> **Directions**
Take the line with "Her Sister Wants" and every line after it in the entries below, and set them down exactly, without any pictures.

Stored dataset items
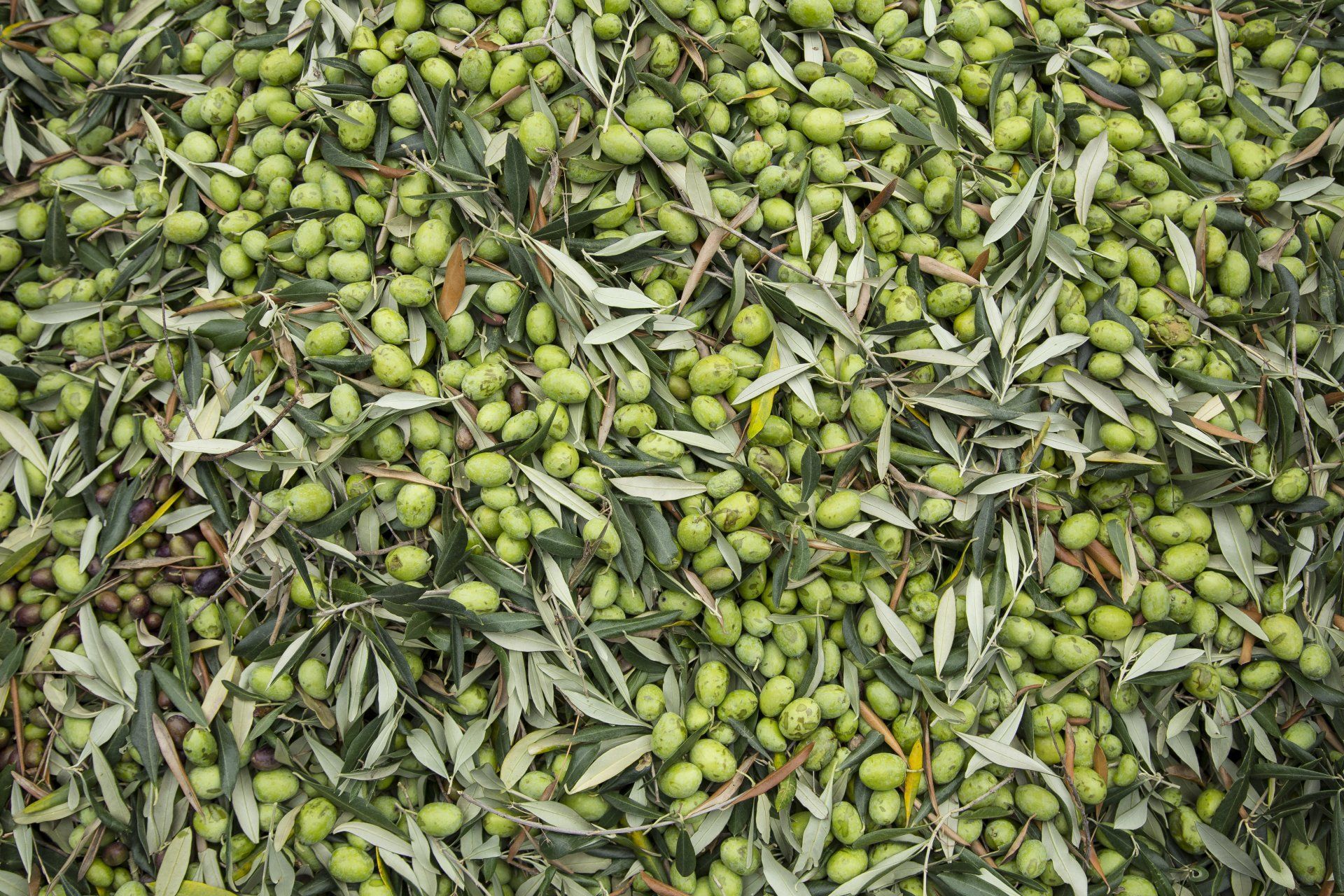 La Tenuta 100 Torri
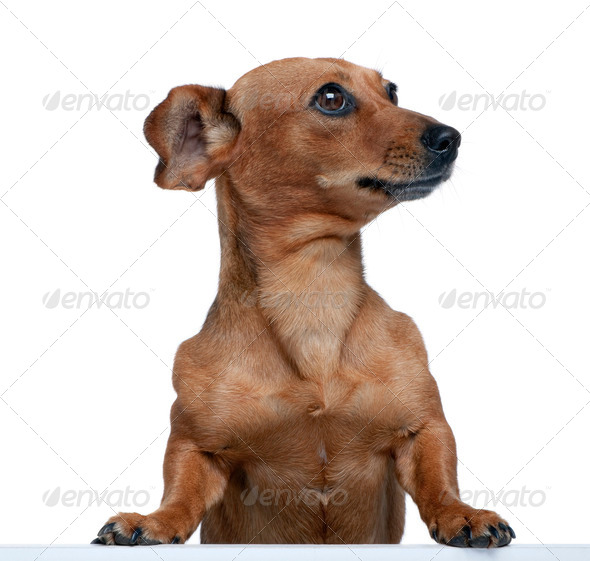 Portrait of bastard dog in front of white background, studio shot Stock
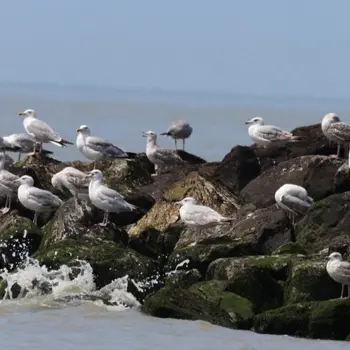 La vie des goélands, entre ville et nature
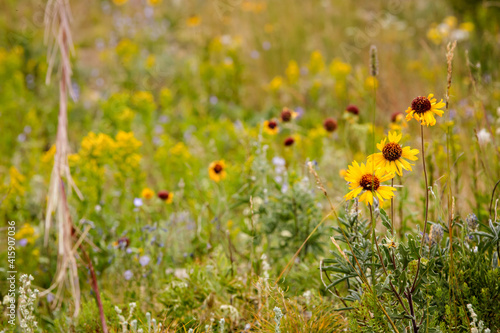 Rocky Mountain wild flowers in a meadow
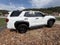 2025 Toyota 4Runner SR5 4WD (Natl)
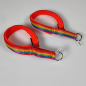 Preview: Halsband Zug-Stop, 3.0 - 3.5cm, 25 - 55cm, Neopren Regenbogen orange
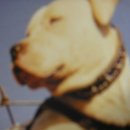 프로애견사 이미지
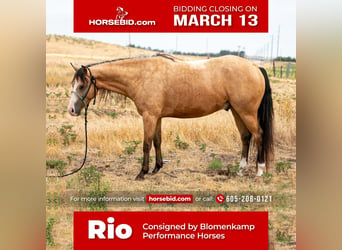 Quarter horse américain, Hongre, 6 Ans, Buckskin, in Broadwater, NE,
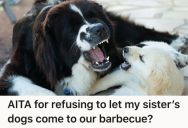 Her Sister Wants To Bring Her Fur Babies To The Family Barbecue, But Since She Never Cleans Up Their Poop She Bans Them From Coming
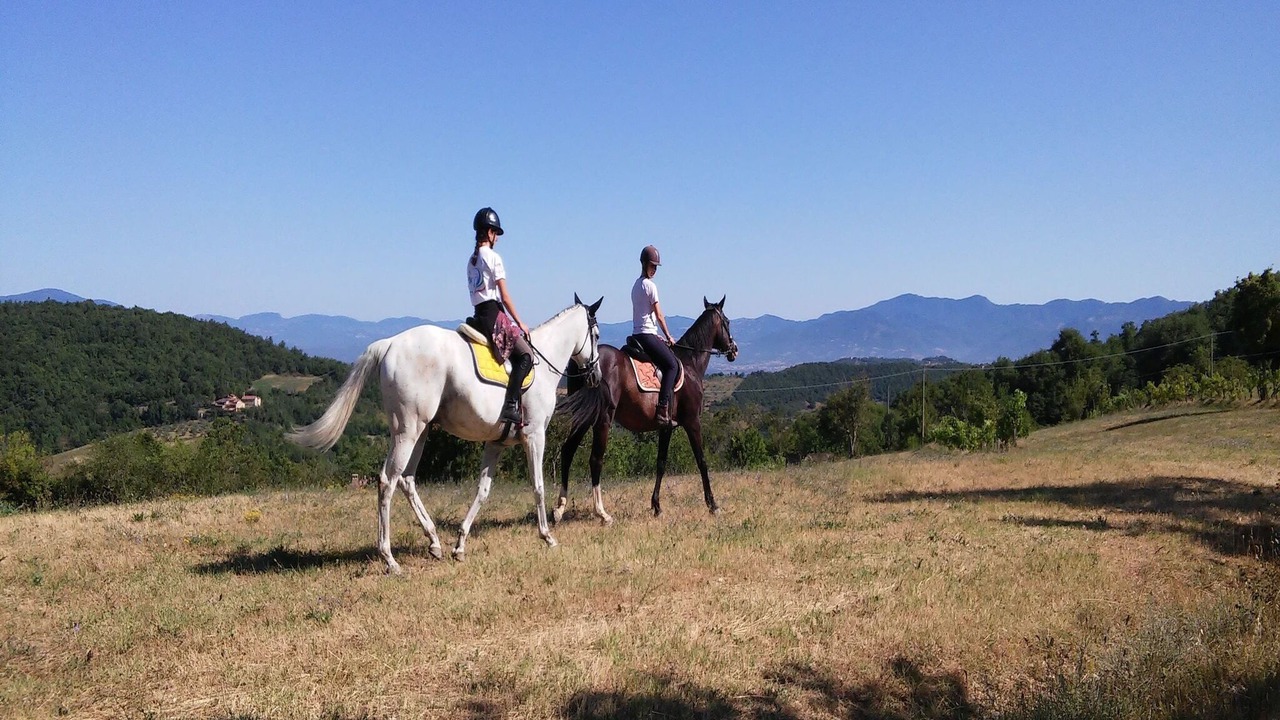 Photo of Others in Monte Santa Maria Tiberina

> **Expected answer**
 Her Sister Wants To Bring Her Fur Babies To The Family Barbecue, But Since She Never Cleans Up Their Poop She Bans Them From Coming
 Photo of Others in Monte Santa Maria Tiberina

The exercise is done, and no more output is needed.